Okayama Barazushi (Scattered Sashimi over Rice)
Barazushi is a local style of sushi that uses ingredients from all around the Chugoku region. It’s made with a bowl of sushi rice topped with over a dozen ingredients, from fish and seafood from the Seto Inland Sea to various vegetables like lotus root, carrots, and tender snow peas. Traditionally, commoners weren’t didn’t have the opportunity to enjoy lavish multicourse meals during the feudal era, so barazushi was a way for people to enjoy multiple ingredients in a single dish.
Sawara (Spanish Mackerel)
The most beloved fish in Okayama is sawara (Spanish mackerel), which is enjoyed in many dishes from fresh sashimi to shabu-shabu (hotpot). In fact, Okayama has the highest per capita consumption of sawara fish in all of Japan. With a sweeter and lighter flavor than other types of mackerel, sawara is both delicious and healthy, rich in omega-3 fatty acids. Fresh sawara is preferred by people who normally don’t like the oily flavor of other types of mackerel.

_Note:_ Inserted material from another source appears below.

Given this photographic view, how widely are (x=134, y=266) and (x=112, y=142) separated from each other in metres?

Hinase Kakioko (Oyster Okonomiyaki)
Osaka and Hiroshima are the two regions of Japan most famous for their okonomiyaki, a savory pancake made with a vegetable-filled batter. But Okayama, located between the two regions, also has its own delicious style called “Hinase Kakioko,” short for kaki (oyster) okonomiyaki. The dish originated in Hinase, the oyster capital of Okayama, and is made with thick and juicy grilled oysters, fresh from the Seto Inland Sea.
Hiruzen Yakisoba (Stir-fried Noodles from Hiruzen)
Hiruzen yakisoba is a style of stir-fried noodles that can only be found in the Hiruzen plateau area of northern Okayama, which is known for its dairy resorts and winter skiing. While yakisoba is typically made with pork, in the Hiruzen area it’s made with large chunks of locally raised chicken that are stir-fried together with cabbage and noodles in a light sweet-and-spicy miso sauce.
The most famous ingredient from Okayama, succulent white peaches come into season beginning in June, fetching as much as 1,500 yen per peach. There are a number of white peach varieties cultivated in Okayama, which allows people to indulge in the fresh fruit throughout the summer months. Peaches, or “momo” in Japanese, also have a special cultural meaning in Okayama as the hero of the Momotaro folk tale is said to have been discovered by his adoptive parents in a giant white peach floating down the river in this very prefecture.
Muscat and Pione Grapes
In addition to juicy peaches, Okayama is known for its fabulous grapes, in season from May to December. The most famous varieties include luscious muscat grapes nicknamed the “Queen of Fruits” and large seedless “Black Pearl” pione grapes, which have a deeply sweet and fragrant aroma.